How Have You Grown Since Your First Mother’s Day?

Posted on May 11, 2018

 

“I can’t believe how big my kids are all of a sudden.”

“I’m sad they’re not babies anymore.”

“My son’s first word was spoken on Mother’s Day—and it was “papa.” I’ll never let him live that down!”

“I remember the day that I became a mother like yesterday. My son was the sweetest gift I ever received.”

“This is my 14th Mother’s Day! Yikes, my kids are growing up way too fast.”

“By next Mother’s Day, my daughter will be off to college. How much she’s grown.”

Somehow every year, around Mother’s Day, our flashbacks and reflections circle around our kids. For me, this was a big year. My daughter turned another decade, and even though I’m not very big on numbers, I did sneak a peek at her baby album and almost immediately felt an overwhelming sense of nostalgia. She was such a beautiful baby—peaceful, serene, and disciplined. She was sleeping six hours a night at five weeks. Every new mom’s dream!

 

I couldn’t help but feel that time had flown by at lightning speed. Then I noticed another album picture of me with a semi-frown on my face. There were wrinkles between my eyebrows. In an instant, I remembered that I had been really angry at my mother-in-law. She had been telling my sister not to take so many pictures, to let baby and mom rest, and that too many flashbulbs were not good for the baby anyway. I remember being very ticked off about her comments. I also remembered my mom sharing an old wives’ tale about not taking pictures when a baby was sleeping.

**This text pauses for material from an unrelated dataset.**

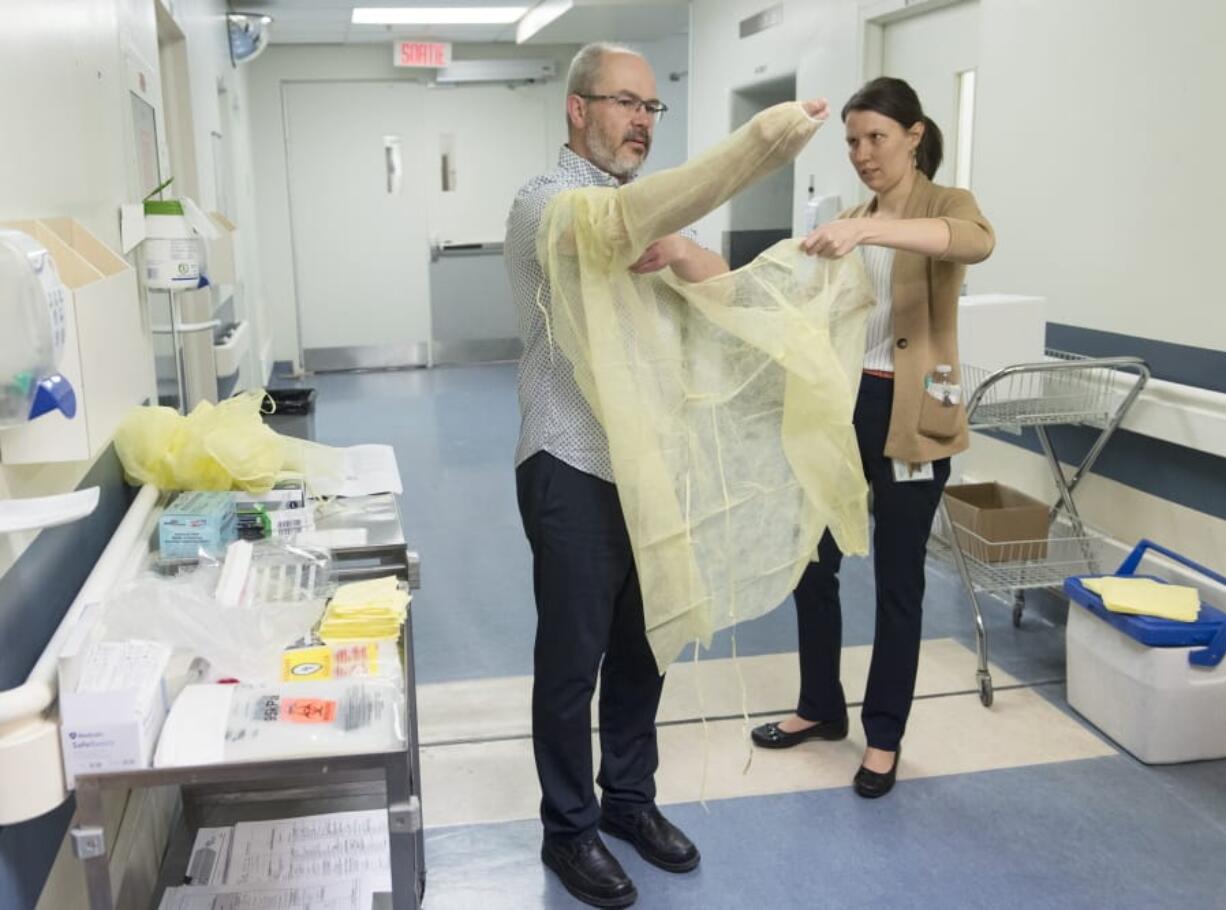 Health workers demonstrate how to put on protective clothing during a tour of a COVID-19 evaluation clinic in Montreal, Quebec, Canada on Tuesday, March 10, 2020.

I had two moms involved in my life, and they constantly kept me on a roller-coaster of emotions. I was always anticipating the next “advice” I was going to get. Now I can giggle about how I would let them get under my skin and how my emotions would be triggered by their “guidance.”

Thirty years later, I still have my two moms. One lives in our house and the other is not far away. They haven’t changed a bit. But I have. Looking at those pictures reminded me how much I have grown up and made me think about some differences. I grabbed a pen and my diary and jotted down my thoughts. Here’s what I came up with:

Patience – up 100 percent

Tolerance – up 200 percent

Judgment – down 99.8 percent

Expectations – down 100 percent

Noise in my head – down 50 percent

Enjoying the moment – up 200 percent

Complaining (internal) – down 100 percent

Self-awareness – up 500 percent

Emotional Intelligence and Management – up 2000 percent

Respect for the gift of life – up 2000 percent

And what were the biggest reasons for such growth?

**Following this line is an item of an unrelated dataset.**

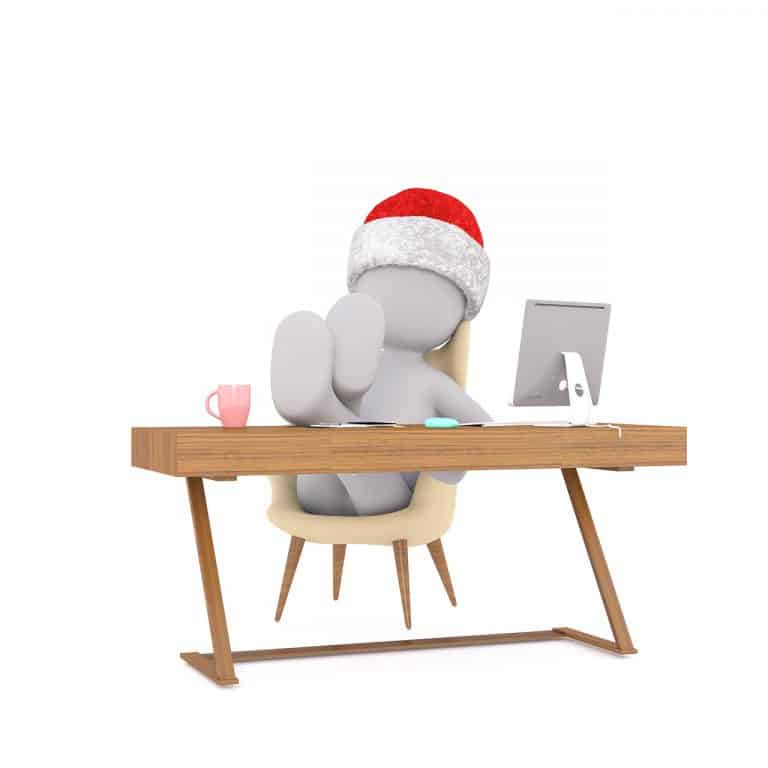 employee with feet up on the desk - employee refusing to work overtime at Christmas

I thought deeply about that for a little while. Here they are:

  • My kids are my biggest teachers. This is the most important life lesson, which is of the utmost necessity for every parent’s growth.

 

  • I’ve had years of life experience. When you’ve been a parent for 30 years and have seen three decades of life and death and everything in between, clarity is a by-product. We come to understand what’s really important, and we let go of the small stuff—not just with our kids but with the rest of our family, friends, and peers as well.

 

  • But most importantly, there’s Emotional Intelligence and Emotional Management and my conscious connection with life. As I became more emotionally intelligent, I was able to manage myself, my kids, and all my relationships more effectively. Not paying attention to my emotions was my biggest hurdle and challenge. I was good at not showing my emotions to others, and so you would never know when or by what I was hurt. But, oh, did that create havoc for me on the inside. Identifying my feelings, validating them, and then allowing them to pass through both non-judgmentally and non-reactively was a skill I had to learn, and it has served me well.

 

  • Next, I started to become aware that I am surrounded by and synchronized with the energy of life in everything I do, touch, and feel. That was life-changing. The trees in my yard breathe life just like I do, and we have a perfect contract of exchange—I breathe out CO2 for them, and they breathe out oxygen for me. It’s perfect! Clouds move through the sky, just as I have clouds of emotions that move through me. Water has a flow just as I do—after all, I am 70 percent water. I share the air that I breathe with every plant and animal around me, including my kids, relatives, family, friends, peers, and every other human being on the planet, whether I know them or not. And as I became more aware of being part of the larger puzzle called life, I tapped deeper into my human potential. This has propelled my growth many times over! For me, this single revelation—of becoming conscious of the life that not only surrounds me but also supports me—has been the driver of my growth in compassion, kindness, empathy, respect, and love. This is what has shone brightly in my relationships and my work. Best of all, it has deepened my friendship and connection with my kids. Now, who doesn’t want that!

And so what started out with a few family photos has led to self-reflection and revelation that has left me not just joyous but over joyous. It has brought immense clarity on what I need to do more of.

For Mother’s Day, we would love to hear your top-of-the-list propellers of growth. Let’s share our revelations and be inspired by each other. What do you feel has helped you grow the most—both in this last year and since you became a mom?

Happy Mother’s Day to all you lovely mamas out there!